The language of persuasion

It’s not what you say, but how you say it. By analyzing online arguments, Cornell researchers have identified how language and interaction with the other party contribute to winning an argument.

Successful arguers start early, stay calm and go into detail.

As a spinoff, the research also offers linguistic clues that will show in advance whether your opponent’s mind can be changed.

An old Monty Python sketch has come to life: On “ChangeMyView,” a subcommunity of the Reddit social network, you can post an idea and invite others to argue against it (and you don’t have to pay for this argument).

“The Internet seems to be a comfortable place to put forward your ideas,” said Chenhao Tan, a graduate student in information science, explaining why people post to such a site. The site, moderated for civility, offers a mountain of data for linguistic analysis. If a particular challenger succeeds in changing the original poster’s (OP) mind, the OP awards that person a “Delta” (the Greek letter used in mathematics to represent a change). This allowed researchers to compare winners and losers.

Tan and colleagues collected posts from January 2013, when the community was created, to August 2015, involving 211,000 subscribers. They compared posts from challengers who received Deltas with those who didn’t when arguing on the same topic, and ran a computer analysis of the way the arguments proceeded and the language used. They reported their results at the 26th annual World Wide Web Conference in Montreal, April 11-15. Co-authors of the paper are graduate student Vlad Niculae; Lillian Lee, professor of computer science; and Cristian Danescu-Niculescu-Mizil, assistant professor of information science.

For starters, they found it pays to get there first. On average, out of 10 challengers, the first two are 10 times more likely to succeed than the 10th.

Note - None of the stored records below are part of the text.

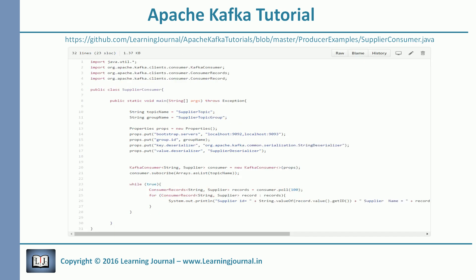Now we need a consumer. We can't use the console consumer because we need a custom deserializer to interpret our message records. Let's look at our consumer. We are creating our first consumer in this tutorial. Understanding consumers will take another set of sessions, so I am not going to explain this consumer code in detail in this video — that's a separate topic covered in later videos. But just to give you a glimpse, this for loop is processing each message that the consumer received from the Kafka broker. I am only displaying all three supplier fields on the console.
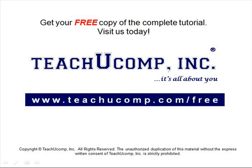Get your free copy of the complete tutorial at www.teachucomp.com forward slash free.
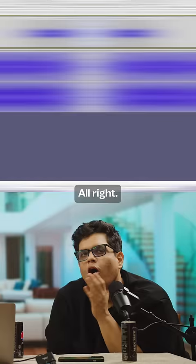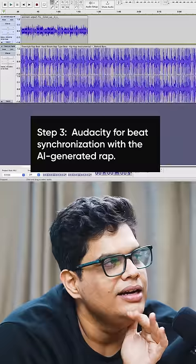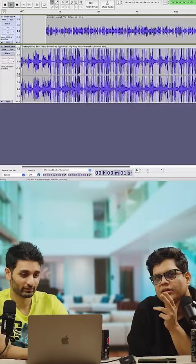Alright, so now we have Eminem's rap and the beat in two layers in Audacity. Yeah, it may not match, but it won't match. Here's to hoping. Oh, but it syncs the layers.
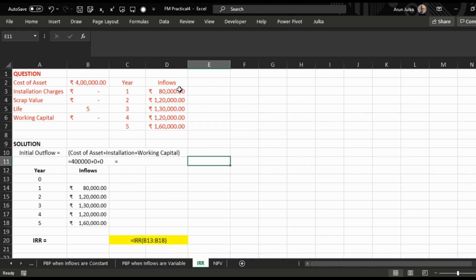In this question, from year one to five we have different inflows: 80,000, 1,20,000, 1,30,000, 1,20,000, and 1,60,000. Cost of assets is 4 lakh, installation charges nil, scrap value after five years nil, and initial working capital required nil.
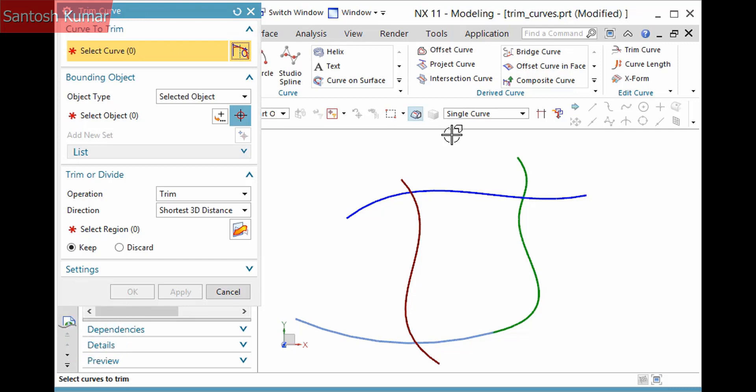The first thing to do is to pick the curve to trim. However, before doing so, it is important to understand that where you pick the curve matters. Where the curve intersects with bounding objects breaks it into regions. There is a selection step in the Trim or Divide pane to define the region, but you can infer it when selecting the curve to trim.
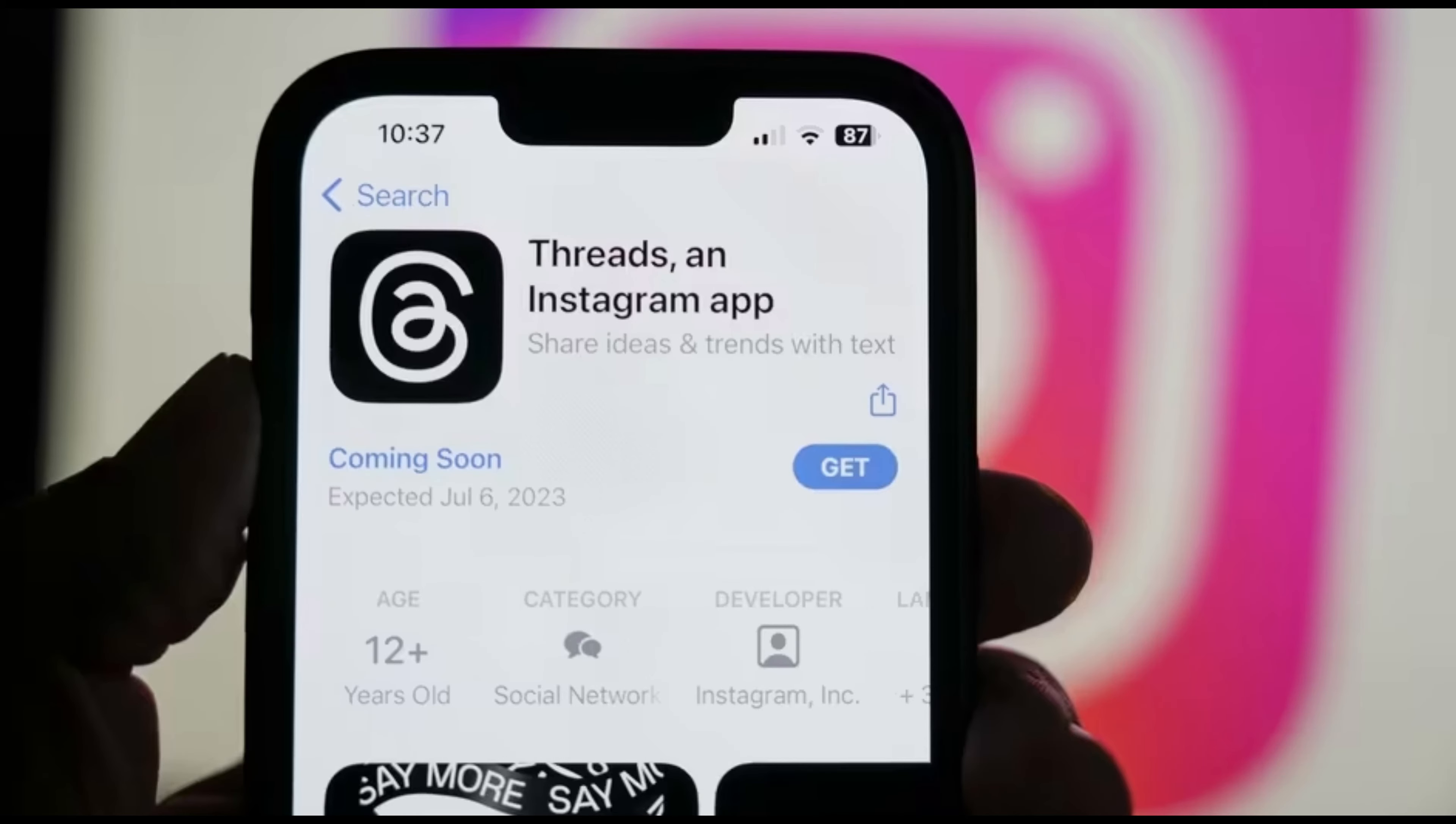Hidden words are a feature in Threads that allows you to filter out replies to your threads that contain specific words. This can be useful if you want to avoid seeing replies that contain offensive or unwanted language.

And it pays to hang in there, at least for a while: Challengers who engaged in several back-and-forth exchanges with the OP were more likely to succeed, but if it went on to more than five rounds they had no chance of success. Overall, the winning arguments were longer and contained more sentences and more paragraphs.

During that exchange, they noted, successful challengers more often mimicked the linguistic style of the OP, as measured by comparing “stopwords” that are independent of content, like “about,” “only” or “often” along with prepositions, conjunctions and personal pronouns. These challengers also used more words relating to the content of the argument that were different from the content words used by the OP.

Then they compared the kinds of words challengers used in categories such as:

  • calm (“librarian,” “forest”) vs. excited (“terrorism, “erection”);
  • concrete (“hamburger”) vs. abstract (“justice”);
  • dominant (“completion”) vs. weak (“dementia”); and
  • pleasant (“sunshine, “love”) vs. unpleasant (“leukemia,” “murder”).

Information scientists who work with natural language have compiled standard dictionaries of words in such categories that the computer can use to classify the words it finds in a post.

The analysis showed that it was good to use calmer words, and successful arguments were “less happy.” Out of all this, the researchers concluded that dissimilarity with the wording of the original post was the best predictor of success. The study does not prove that any of these elements directly cause a change of mind, Lee pointed out; it merely identifies features that are common to successful arguments.

Finally, the researchers analyzed the text of the very first post presenting the topic, to see if it could predict the OP’s openness to change. The most easily persuaded posters wrote longer posts with lists and other supporting material, used more dominant words and more first-person-singular pronouns. The person who is less sure will argue harder, and is more likely to hold on to what “we” believe than what “I” believe.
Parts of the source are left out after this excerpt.